**Prompt**
Write the data out again exactly, with every picture removed.

===== Data extract =====

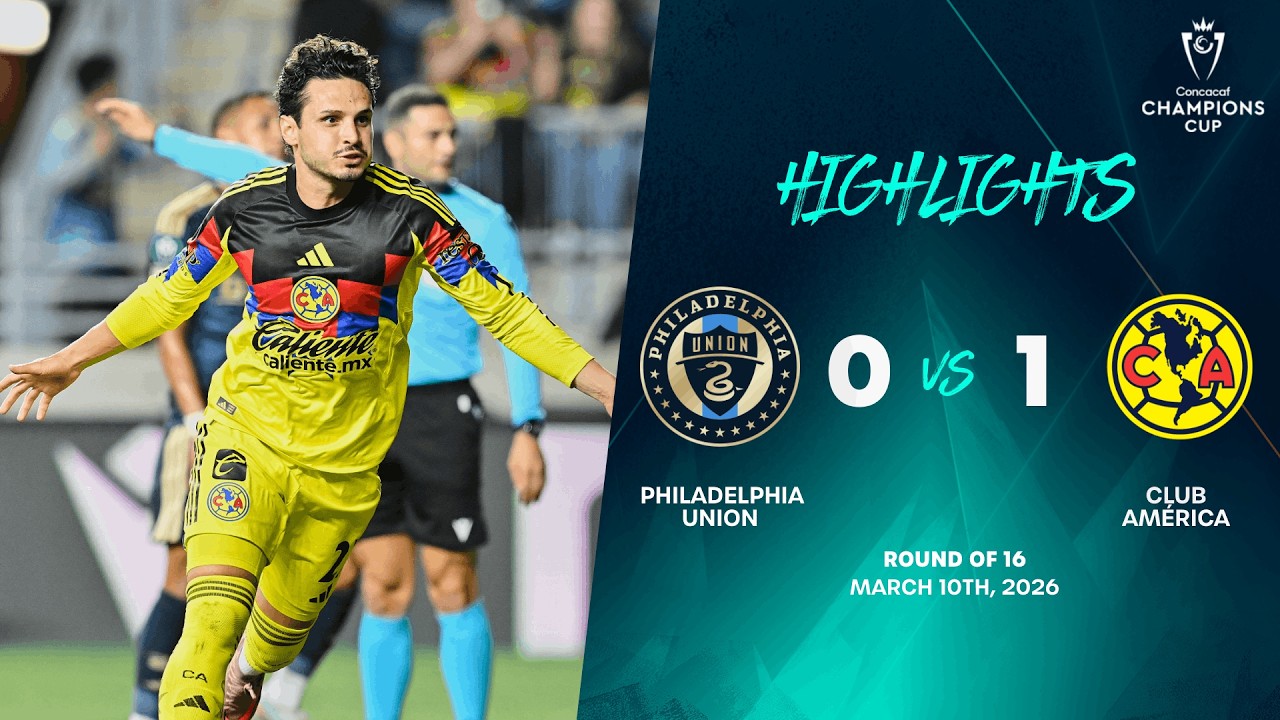 Philadelphia Union vs Club América Highlights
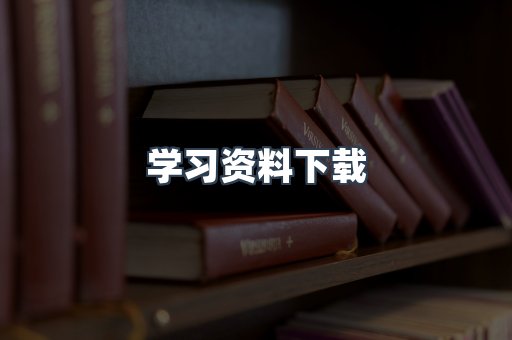 外文电子书系列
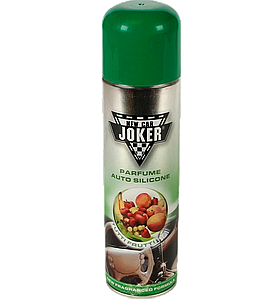 Поліроль для панелей авто Joker 200ml Tutti frutti, Поліроль Пластика Джокер Тутті фрутті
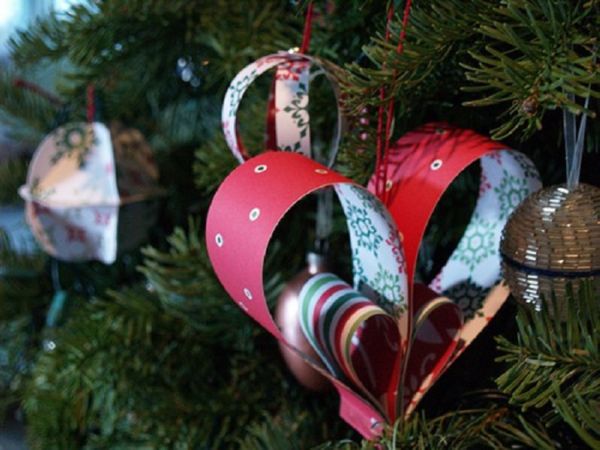 Artesanato para o Ano Novo 2017 com suas próprias mãos, aulas de mestrado - de papel e materiais para o jardim de infância e a escola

=====

**Expected output**
 Philadelphia Union vs Club América Highlights
 外文电子书系列
 Поліроль для панелей авто Joker 200ml Tutti frutti, Поліроль Пластика Джокер Тутті фрутті
 Artesanato para o Ano Novo 2017 com suas próprias mãos, aulas de mestrado - de papel e materiais para o jardim de infância e a escola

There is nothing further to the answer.